UVF SUPERGRASS MURDER TRIAL BID
SON OF VICTIM SLAMS ‘TOKEN GESTURE’
The families of Eamon Fox and Gary Convie, two Catholic workmen murdered by the UVF 23 years ago, will be hoping that the Director of Public Prosecutions is correct to be optimistic that there is a reasonable prospect of conviction.
While it would be improper for us to comment on the potential case against the suspect, it is public knowledge that part of the evidence will be given by assisting offender Gary Haggarty, a former UVF commander.
The use of assisting offenders — or supergrasses as they used to be known — is a tactic which has had a chequered past in Northern Ireland.
Its use during the darkest days of the Troubles in the 1980s served a dual purpose.
It led to hundreds of suspected republican and loyalist terrorists being arrested and held on remand for considerable periods, giving the hard-pressed security forces valuable breathing space and the ability to regroup during times of constant violence. And it did result in some successful prosecutions.

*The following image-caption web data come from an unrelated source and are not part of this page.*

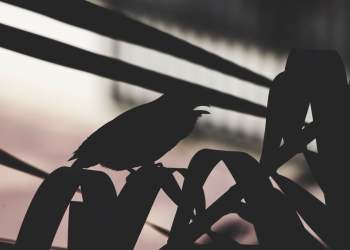 Saudi Arabia Pushing USD to the Brink is Good for Bitcoin, Here’s Why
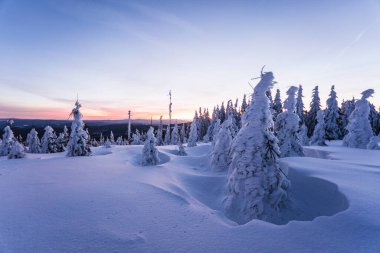 Almanya ve Çek Cumhuriyeti, Bavyera Ormanı - Sumava Ulusal Parkı, Almanya - Çek Cumhuriyeti sınırında karla birlikte kışın Dreisesselberg. Yüksek kalite fotoğraf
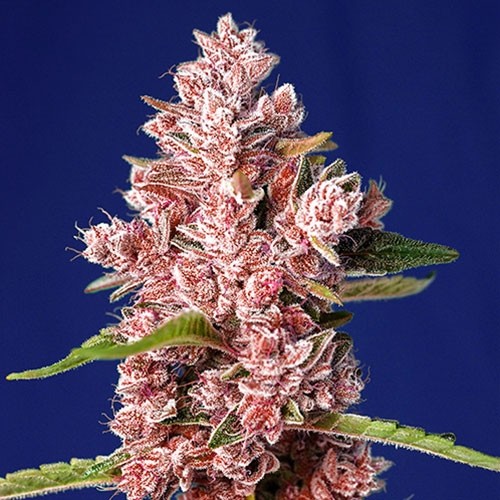 Tropicanna Poison F1 Fast Version - Sweet Seeds - Seed Banks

However, it was a tactic which was eventually discredited and largely abandoned after the judiciary complained they were being used for political purposes. But it has been resurrected in recent times as police sought to bring to justice a UVF gang based in the Mount Vernon estate on the outskirts of north Belfast suspected of involvement in a large number of killings — mostly sectarian — and also said to be deeply penetrated by RUC Special Branch informers.
It has met with little success. In 2012 two brothers who became assisting offenders were branded liars by the judge and 12 of the 13 men in the dock walked free.
Haggarty, who agreed to become an assisting offender, pleaded guilty to a series of crimes including murder and has already spent three years in custody.
He was interviewed by detectives more than 1,000 times producing huge volumes of evidence but the lack of corroboration led to a decision earlier this year not to prosecute 13 men. Another murder case against two other men was dropped later.
Bringing sophisticated terrorists to justice is a difficult task as the legacy of the Troubles proves with almost 3,000 unsolved murders, and the police and legal authorities are entitled to use every legitimate method to bring some comfort or closure to the bereaved. But they must be careful not to add to families’ pain by raising hope and producing failure.